A hush descended upon the gathering as the chiming of bells began to sound. To be sure, it seemed as if they echoed from across some watery expanse, setting an appropriately haunting mood and signaling the start of the performance. What followed was Miss Bavan’s inimitable rendering of The Princess of Wax. With a gorgeously lyrical voice and movements remarkable for their feline grace, the supernatural tragedy of the tale’s star-crossed lovers was brought to vivid life. And no better backdrop for the reading could have been concocted than Mme Bachelier’s exquisite paintings that surrounded the spellbound audience. A well-earned and thunderous ovation followed.
In addition to the pleasure of her delectable vocal performance, Miss Bavan provided visual thrills as well. Devastatingly soignée, she was attired in a cocktail dress of black satin and lace, its sash set aglow by a glinting diamanté buckle, from the spring 2003 collection of John Galliano (Paris). Indeed, the eminent designer personally provided this discreetly provocative garment for the affair. And it should be recalled that Mr Galliano has often cited the Marchesa Casati as an inspiring force, most dramatically expressed in his renowned spring/summer 1998 collection for Dior that was completely based upon her.
The festivities flowed on, as did the champagne, well past the gallery’s intended closing time. Although before then, several of the most monumental of Mme Bachelier’s works, as well as numerous copies of the sumptuously fashioned book, were acquired by lucky admirers. And during this time, attendees were given the opportunity to chat with the artist and authors. Among the many charming guests was Joan T. Rosasco, noted international fine art exhibition coordinator and author of Voies de l’imagination proustienne. The ever-elegant Miss Rosasco offered a fitting précis to the successful fête: ‘This strange, magical conte cruel cast a spell in the gallery that seemed to be hung with windows into another world. Anne Bachelier’s work is magnificent. And Yolande Bavan’s unforgettable performance incarnated the spirit of the peculiar tale.’
Also sharing in the festivities was Grazia D’Annunzio, the prominent international journalist and Special Projects Editor for Vogue Italia. She just also happens to be the great-grandniece of Gabriele D’Annunzio, the notorious writer who shared an amour with the Marchesa Casati in those quainter days before the Great War.

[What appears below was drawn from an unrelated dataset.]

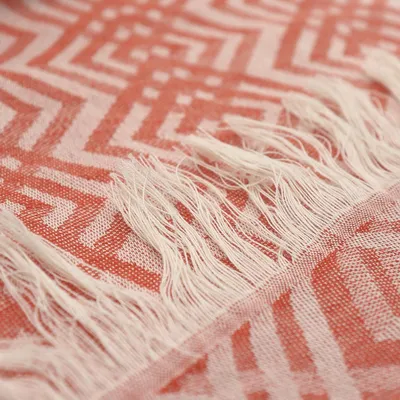 Productafbeelding van Biederlack plaid, model Cameo, half-linnen, kleur koraal, afmetingen 130x180 cm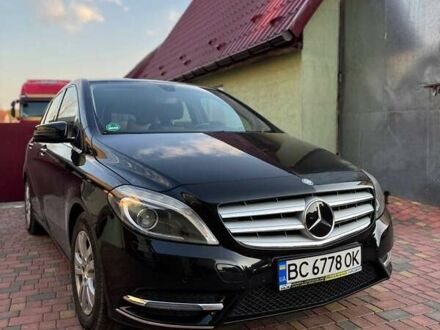 Мерседес Б-класс 2013 в Львове на Automoto.ua Черный Мерседес Б-класс, объемом двигателя 1.8 л и пробегом 382 тыс. км за 12000 $, фото 1 на Automoto.ua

The vivacious Sig.na D’Annunzio was among the first at the reception to set eyes on the book of The Princess of Wax. ‘What a mesmerizing tale! In this Edgar Allan Poe-esque nightmare, Venice and La Casati have never been so enchanting and decadent,’ Sig.na D’Annunzio proclaimed. ‘Anne Bachelier’s illustrations, so surreal and so wonderfully rich in detail, are the perfect visualization of an intriguing, never-ending journey through eccentricity, obsession, love, cruelty, glamour and destiny.’
Further artworks and books were snapped up by wise collectors during an all-day book-signing with Mme Bachelier and Messrs Ryersson and Yaccarino on the following Saturday at the gallery. This trend continued throughout the remainder of a truly magical five-week exhibition that will not be long forgotten. And although not present at the previously described events, Lady Moorea Black, granddaughter to and only living direct descendent of the Marchesa Casati, graciously commented on The Princess of Wax from her home in London. ‘This is a beautiful and marvellously produced book,’ the late Lady Moorea praised, ‘and quite a wonderful fairy tale, too.’ One cannot help but believe that her truly unique grandmother would join Lady Moorea in this blessing.